Finders keepers

This garden promises solitude. The water glitters with koi, crimson sparks stolen from the sunset. Down from the house drifts a faint melody, some etude or nocturne. Soon there will be dancing. His hand will press against your back; his fingers will pluck the lily from your hair.

10 responses to “Finders keepers

  1. Wonderful use of synonyms! It’s a beautiful Microprose.


  2. You created a whole world in just a few words. I felt the moment she was feeling.


  3. Painted an amazing setting! Left me wanting more of it. I also wanted to know more of the evening which was going to happen. This is just me, but I wanted the ending to be happening and not an imagined thought of what will happen. Good work!


  4. I adore your ability to write romance, and I’m shamefully envious of your imagery. Especially this — “crimson sparks stolen from the sunset”.


  5. The words make the mood of this piece very romantic!


  6. Love the romance in the air.Koi and sunset are beautifully used.
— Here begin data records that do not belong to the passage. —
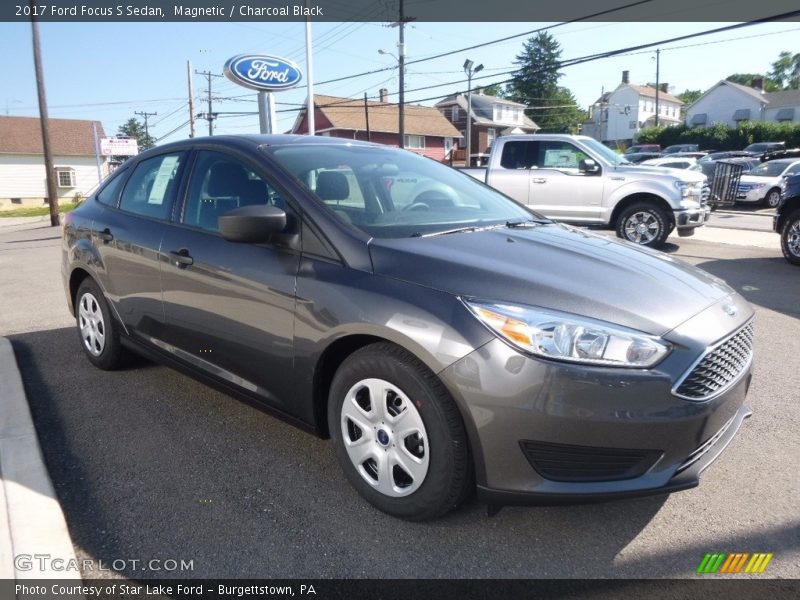 Magnetic / Charcoal Black 2017 Ford Focus S Sedan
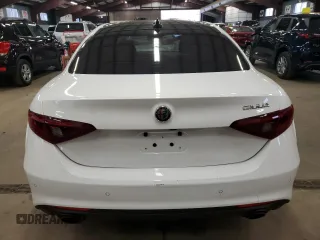 2022 Alfa Romeo Giulia with VIN ZARFAMAN3N7653046, listed as a Copart auction lot 88472385 with 28,409 mi miles and Clean title. Bid and sale history available at DreamBid. Image 6.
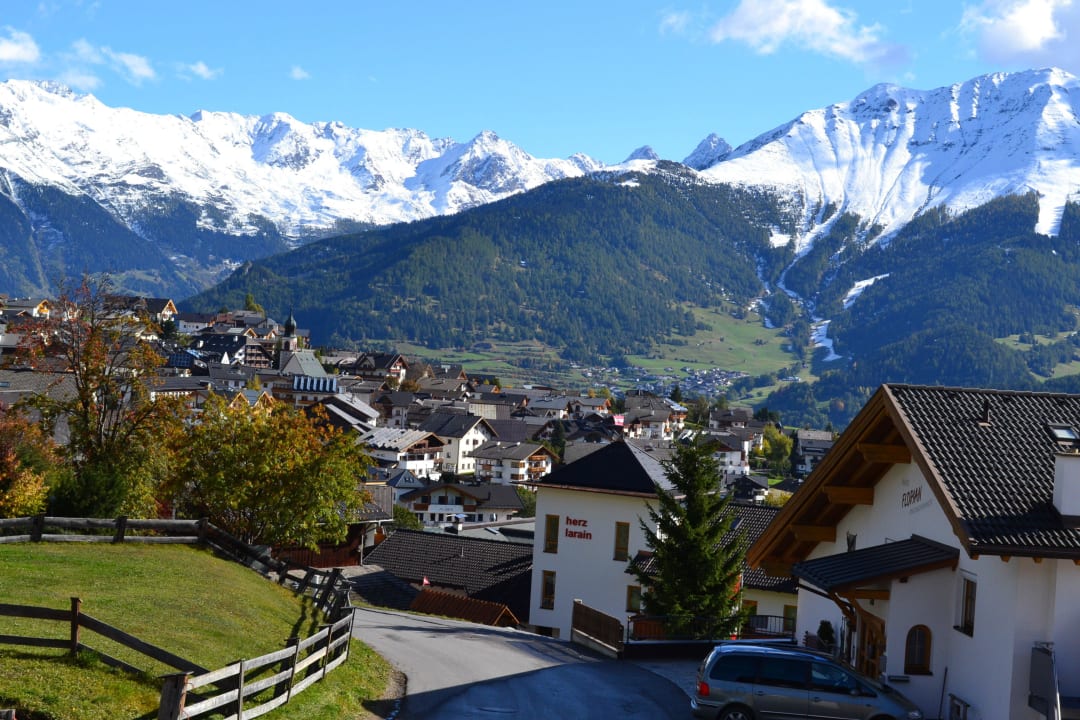 Zimmerausblick Straßenseite Baby- & Kinderhotel Laurentius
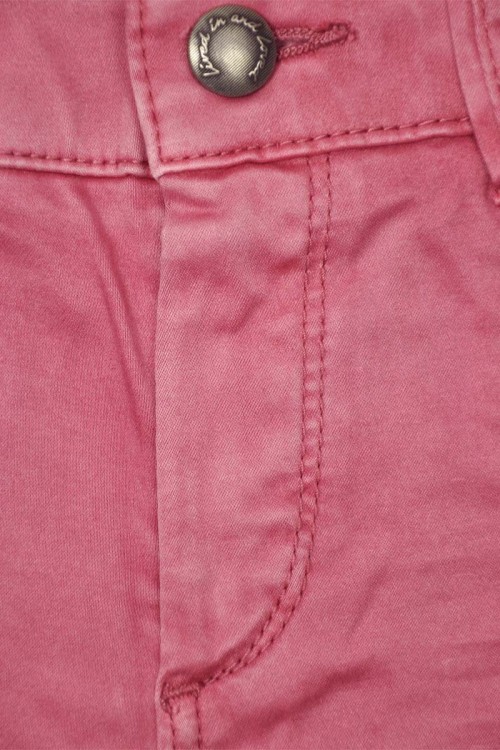 esprit-rozowe-spodnie-jeansy-zblizenie.jpg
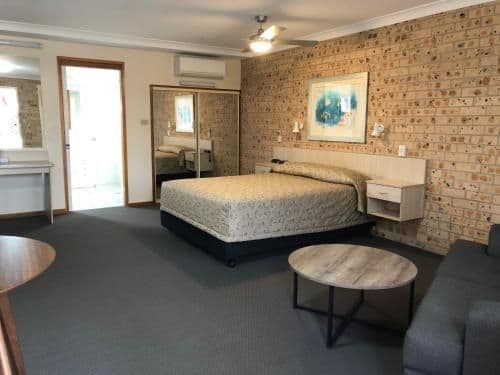 Deluxe Spa Suite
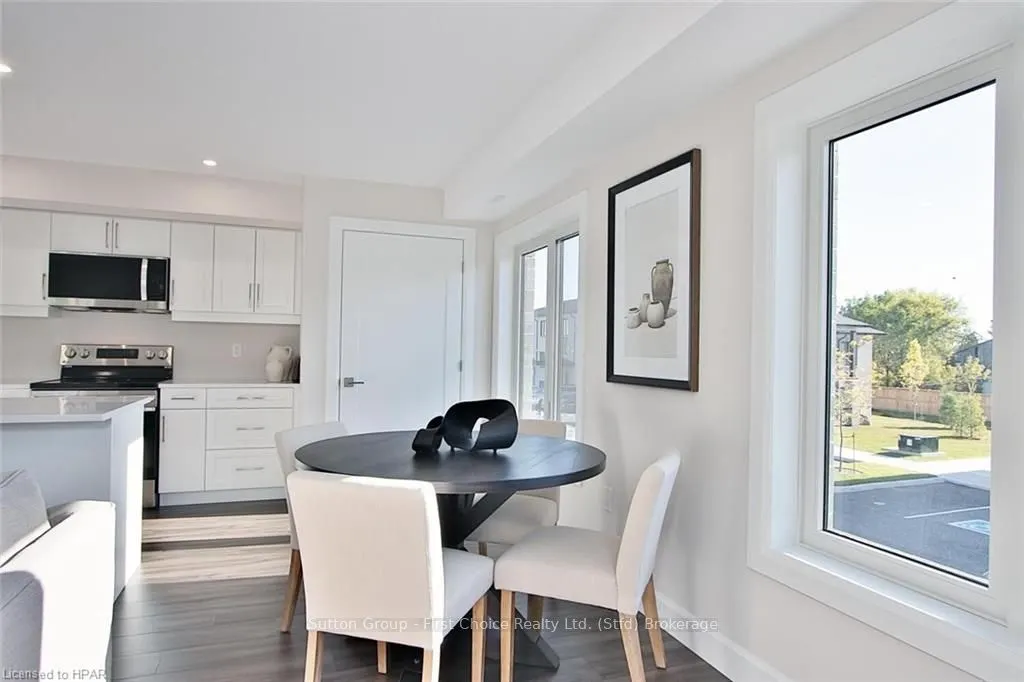 3202 VIVIAN Line, #24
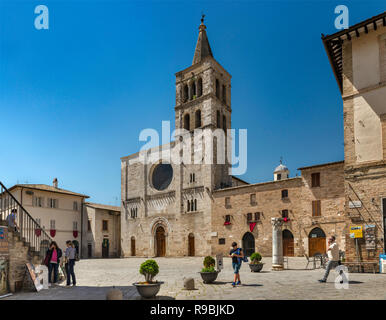 Église de San Michele Arcangelo, 11e siècle, de style roman, à Piazza Silvestri dans centre historique de Raguse, Ombrie, Italie Banque D'Images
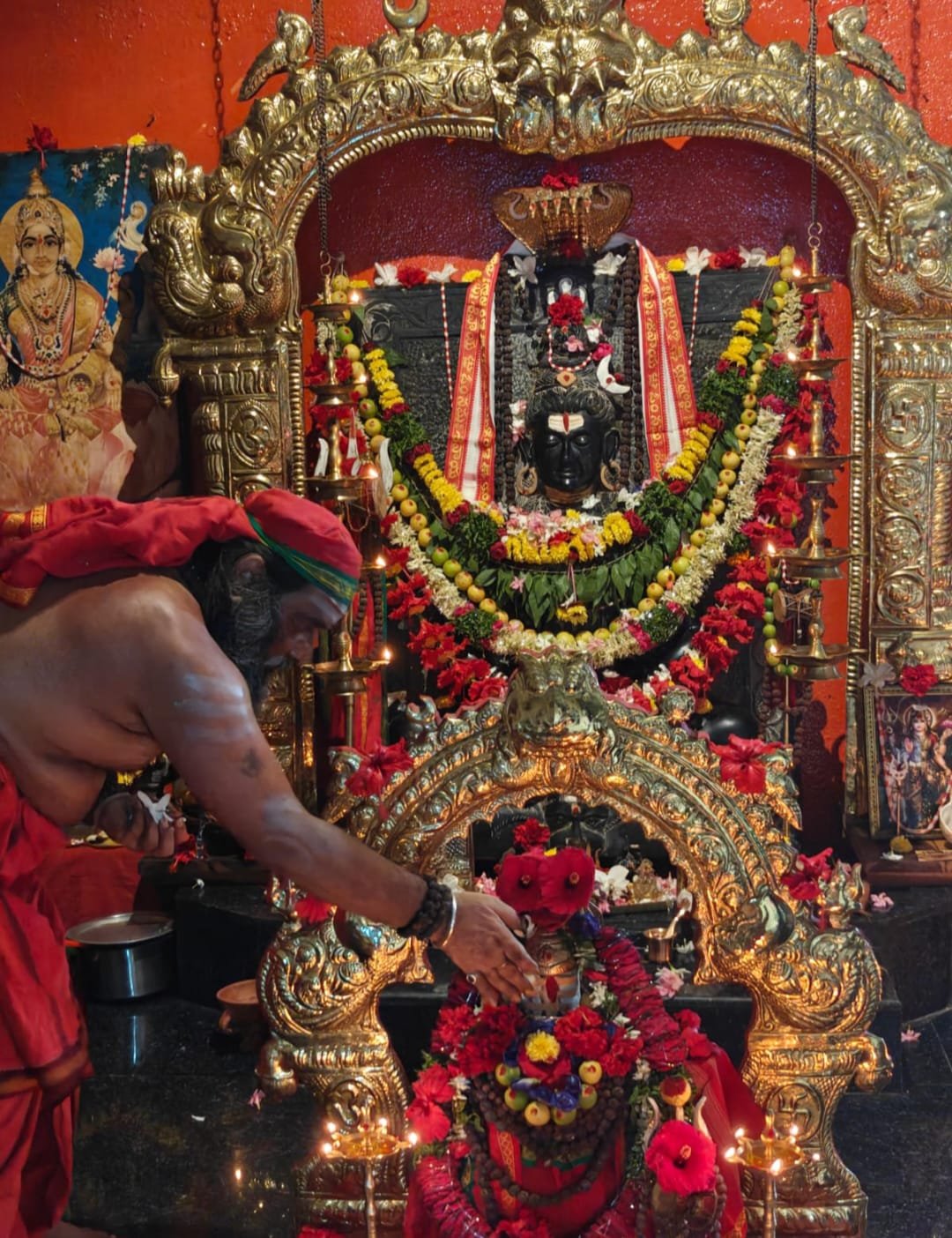 శివపరాశక్తి పీఠం లో శివయ్యకి విశేష అభిషేకాలు సప్త హరతులు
  7. You really drew my imagination in with the beautiful descriptions! I just love this!


  8. I just bookmarked this for future “this is how to micro” help. “Crimson sparks stolen from the sunset” is so good.


  9. This was a lovely line: Down from the house drifts a faint melody, some etude or nocturne. I’d expected present tense in the last line, but it works as a promise of romance, too.